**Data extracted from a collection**
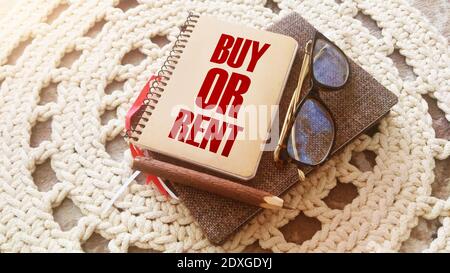 La domanda per comprare o affittare ha digitato su una copertina di libro, occhiali e penna. Analisi del mercato immobiliare e delle finanze personali. Concetto aziendale. Foto Stock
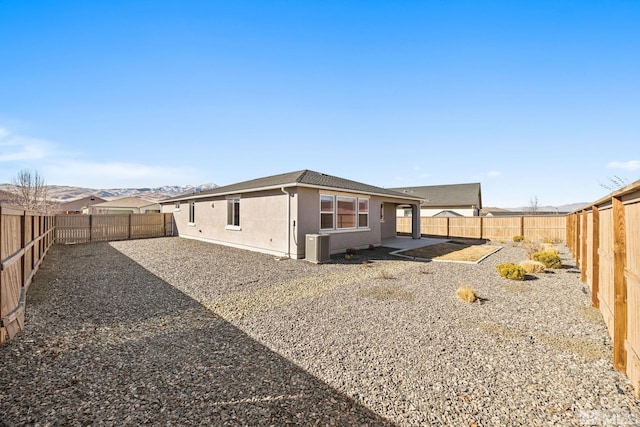 rear view of house with a mountain view, cooling unit, and a patio area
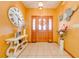 Inviting entryway with tiled floors and an oversized clock at 2801 S Granada Blvd, Kissimmee, FL 34746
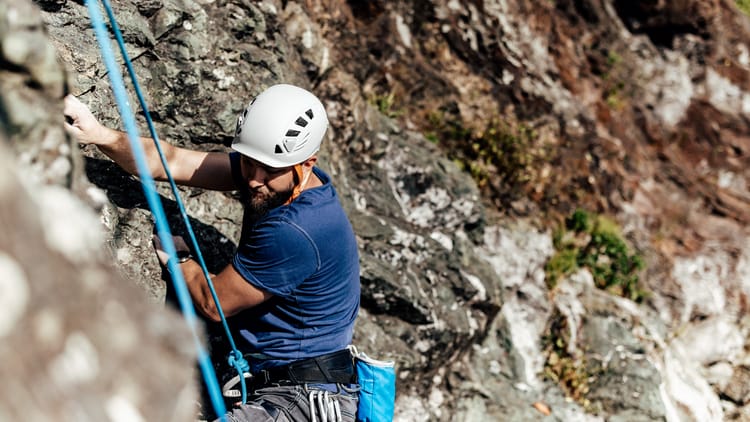 man-climbing-a-steep-rock-formation-with-climbing-2026-01-11-10-11-11-utc.jpg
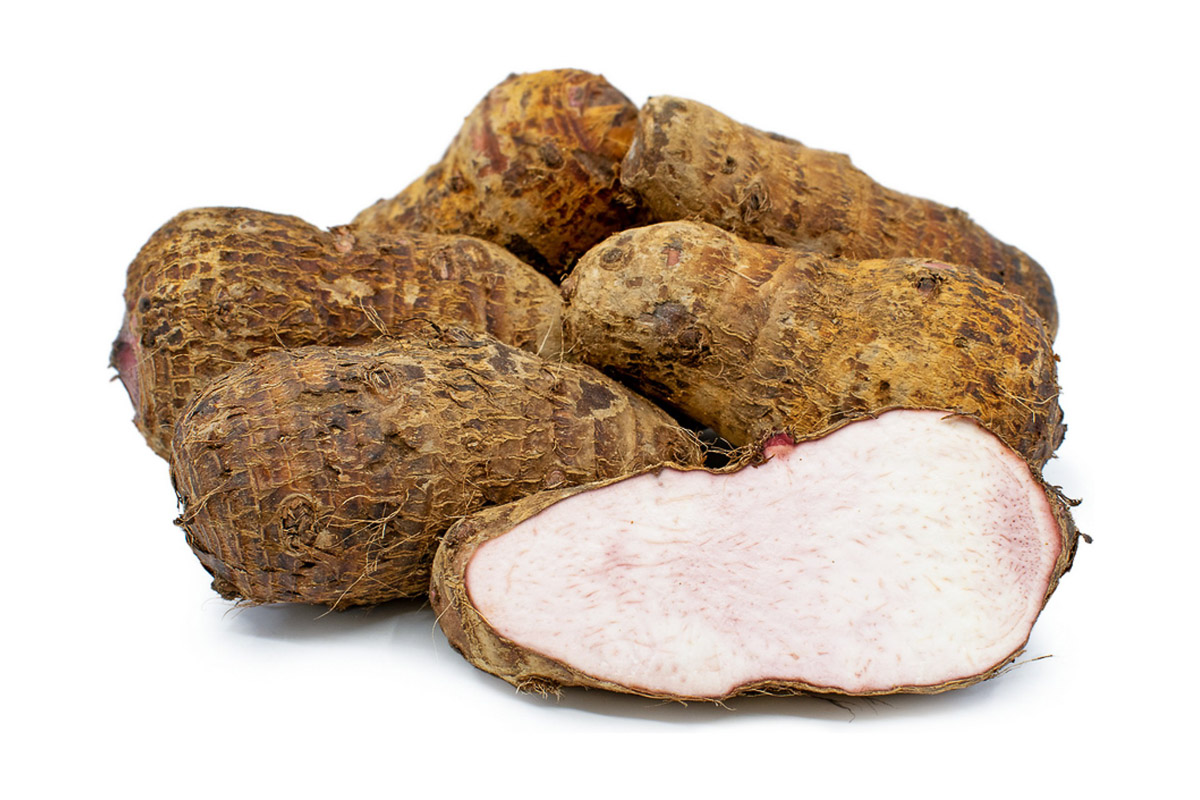 Several small taro roots placed on a white background.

**PROBLEM**
Leaving the pictures out, write out every entry exactly.

**OUTPUT BELOW**
 La domanda per comprare o affittare ha digitato su una copertina di libro, occhiali e penna. Analisi del mercato immobiliare e delle finanze personali. Concetto aziendale. Foto Stock
 rear view of house with a mountain view, cooling unit, and a patio area
 Inviting entryway with tiled floors and an oversized clock at 2801 S Granada Blvd, Kissimmee, FL 34746
 man-climbing-a-steep-rock-formation-with-climbing-2026-01-11-10-11-11-utc.jpg
 Several small taro roots placed on a white background.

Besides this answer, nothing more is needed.